On January 30, 1969, the Beatles performed on the rooftop of the Apple offices in Savile Row for the very last time. On August 13, 2017, the great Usain Bolt unlaced his Puma running shoes and retired from the sport of track and field after running his very last race. And, on or about May 15, 2021, the unprecedented, lightning-fast real estate market that benefited sellers throughout the first half of this year, slowly began to fade. However, unlike the long-hoped for Beatles reunion or the possibility that Usain may, once again, break the sound barrier while running along an oval track, there is the possibility of a resurgence of the exuberance that sellers enjoyed in the not-so-distant past…
In a previous blog, I predicted that, come Memorial Day, the advantage that local real estate sellers maintained would diminish considerably. However, my prognostication was akin to that of the third string player claiming victory after being let into the game during the final thirty seconds of play after Lionel Messi had already scored eight goals. In other words, correlation does not imply causation.

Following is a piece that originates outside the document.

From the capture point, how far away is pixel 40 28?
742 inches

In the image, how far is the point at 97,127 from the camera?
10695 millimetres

Indeed, real estate activity has diminished. However, I had assumed that, come the end of May, sellers would be putting their homes on the market for sale in great numbers, buyers would have more options, and sale prices would begin their descent. Instead, the number of listings available for sale in the six county region remains stubbornly below 1,000 units. The underlying reason for the slowdown has to do with buyers who have, at least temporarily, given up the hunt. Several factors seem to be at play- After banging their head against a wall of possibility, many would-be-homeowners have chosen to swallow a few Excederin and are enjoying a much needed break. Meanwhile, everyone seems very intent on reuniting with old friends and family over a summer cocktail or glass of wine. Finally, the allure of lying in the sun while burning some of this spring’s cold and damp out of our bones is hard to deny.
Now, none of this is meant to imply that it’s a bad market for sellers to unload their existing residence. Conditions remain good. However, when you’re comparing today’s market to that which we just experienced, results are certainly going to pale. Sure, there are some healthy pockets of resistance. If you own a house, in good condition, in a great school district and it’s worth less than $350,000, you’re still going to crush it.
Everyone else will just have to settle for “good” or “great”!
My latest prophesy? Come Labor Day, buyers will, once again, be off and running trying to find a new shack to call home. The demand is very real and remains unsated. Building permits indicate that new construction will, in and of itself, not satisfy the need. The great question is whether existing homeowners will begin to enter the market after a nearly five year draught of inadequate inventory. Until then, I’m going to continue to enjoy my paganistic worship of the god Helios while enjoying a tall Hendricks and tonic!